State v. Davis, 126 NC App 415 (96-746) 06/03/1997 Link to original WordPerfect file

How to access the above link?


NO. COA96-746

NORTH CAROLINA COURT OF APPEALS

Filed: 3 June 1997

STATE OF NORTH CAROLINA

v.

KEVIN CLYDE DAVIS

    Appeal from judgments entered 15 February 1996 by Judge Henry V. Barnette, Jr. in Wake County Superior Court. Heard in the Court of Appeals 27 February 1997.

    Attorney General Michael F. Easley, by Associate Attorney     General Sharon C. Wilson, for the State.

    John T. Hall for defendant-appellant.

    LEWIS, Judge.

    

    Defendant Kevin Clyde Davis appeals his convictions of possession with intent to sell and deliver marijuana and sale and delivery of marijuana.
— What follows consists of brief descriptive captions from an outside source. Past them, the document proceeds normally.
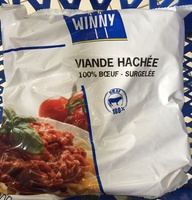 Viande hachée 100% bœuf surgelée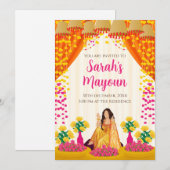 Invitation Haldi Mayoun et invitations Haldi (Devant / Derrière)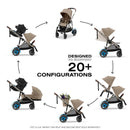 Cybex - Egazelle S Single-to-Double Stroller, Taupe Frame With Almond Beige Seat Image 2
Defendant filed a motion to dismiss on the grounds of entrapment as a matter of law and double jeopardy. The motion was denied.

    The State's evidence tended to show the following. Pursuant to an undercover operation conducted by the Wake County Sheriff's Department and the Raleigh Police Department, defendant was arrested on 25 October 1995 for selling marijuana to undercover agent Clint Thompson ("Agent Thompson") in the parking lot of Cary High School. Agent Thompson attended six classes per day at Cary High School from 15 September to 10 November 1995. At trial, Agent Thompson testified that as part of the undercover operation, he usually spent ten to fifteen minutes in his car in the school parking lot talking to other students. He attended earth science class with defendant from 1:30 to 2:15 p.m. and sometimes saw him on the way to class. Agent Thompson testified that he only had two conversations with defendant concerning drugs prior to the sale that took place on 25 October 1995. The first conversation occurred approximately one week prior to the sale. In response to defendant's question about his plans for the weekend, Agent Thompson told defendant that he and his girlfriend would smoke some weed. Agent Thompson testified that he wanted defendant to know that he was a person who smoked marijuana. Agent Thompson testified that their second conversation took place on 25 October 1995 on the way to class. Defendant asked him how his weekend went and Agent Thompson told defendant that it was not good because he did not have any weed. After class, Agent Thompson went to his car. He testified that at approximately 2:25 p.m., defendant came to his car and reached into his jeans' pocket and pulled out a small bag with a green leafy substance in it, which appeared to be marijuana. He further testified that he asked defendant how much he wanted for the bag and defendant replied a "dime" or ten dollars. Agent Thompson indicated that he secured the evidence in his sack and turned it over to his superior officer. Agent Thompson testified that he only saw defendant at school or during school hours, never at night or on the weekends, and never called him on the telephone.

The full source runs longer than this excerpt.